Lockdown Mode(help.openai.com) |
Lockdown Mode(help.openai.com) |
The existence of lockdown mode does however imply that ChatGPT, in its default settings, does not provide robust protection against sufficiently determined data exfiltration attacks!
Yet, their tools such as codex are able to read ALL FILES on my PC without explicit permission unless you spawn them within a container: https://github.com/openai/codex/issues/2847
It seems like OpenAI stealing sensitive data from their customers is not a big problem for them as it has been reported as an issue for almost a year now and currently has the 2nd most upvotes among open issues (they work on issues based on upvotes, so they claim).
Why not just use your OS-integrated permission mechanism? No container needed.
I imagine that enterprise companies will be quite interested in this.
Always has been before he was associated with OpenAI.

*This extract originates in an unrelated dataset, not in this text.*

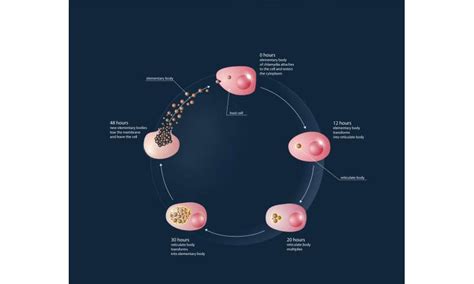 Scientists discover how proteins of human immune system can help fight ...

Which is weird because the bullshit he spouts isn’t so different to the bullshit other top execs spout and I don’t have the same visceral reaction to them (though I still don’t like a bunch of them).
If so many tools are straight up blocked, I would be very sceptical of the quality of the results.

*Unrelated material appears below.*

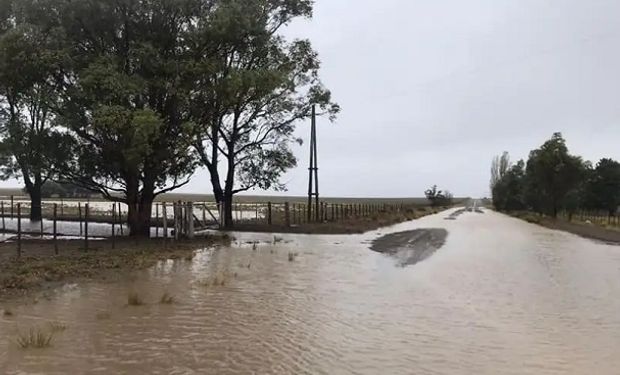 De sequía a inundación: las imágenes de Carmen de Patagones tras llover 250 milímetros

That's a problem we are just now wrapping our minds around.
It's not as simple as prompt sanitization. The model is the interpreter, and we don't yet have the right tools to guide it.
I have mixed feelings about this feature. We're playing with tech that's supposed to do human-shaped things but can't be trusted nearly as much as a human employee (and can't be held responsible for what it does). Restricting the tools available to that patently untrustworthy entity doesn't solve the problem, it just makes the entity less useful, forcing you to sooner or later let it out of the jail.

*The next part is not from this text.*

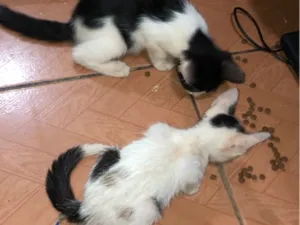 Gato raça SRD-ViraLata idade 2 a 6 meses nome Não escolhido 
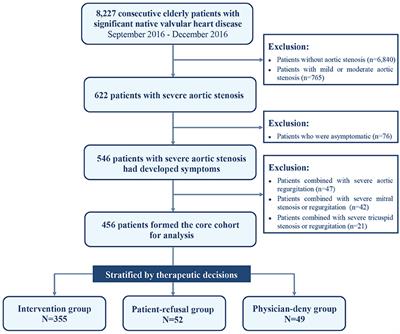 Therapeutic Decision-Making and Outcomes in Elderly Patients With Severe Symptomatic Aortic Stenosis: Prognostic Implications of Elderly Patients' Initial Decisions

And "trusted nearly as much as a human employee", well... you do know that phishing and insiders are two primary ways for attackers to get into company infrastructure, right?
AIs pair human-shaped capabilities with human-shaped vulnerabilities. It's a way of automating PEBKAC.
Suspect thats the point, by giving you the “choice” they also make the user responsible or can at least shift the blame.
How long until somebody figures out how to trick Codex into disabling Lockdown Mode for you?
Humans also do not know how to do this reliably, which is why phishing is still a thing and always will be.
As a pre LLM analogy imagine working at a bank with a whitelist firewall. You need to install a package but requires an IT ticket. Safer but slooooower.
Now not saying what the answer here is but that is the issue.
The answer may be more like industries that get safer through lessons (like aviation) rather than go for 100% safety out of the gate. Because both fast travel and AI agents are insanely useful.
That's what it means when they say aviation regulations are written in blood. Not that they just fling planes into the sky and be like "boy i hope we learn some new regulations from this". The number of airplane crashes would be astronomically larger if the 100% safety part was not embedded into the design process.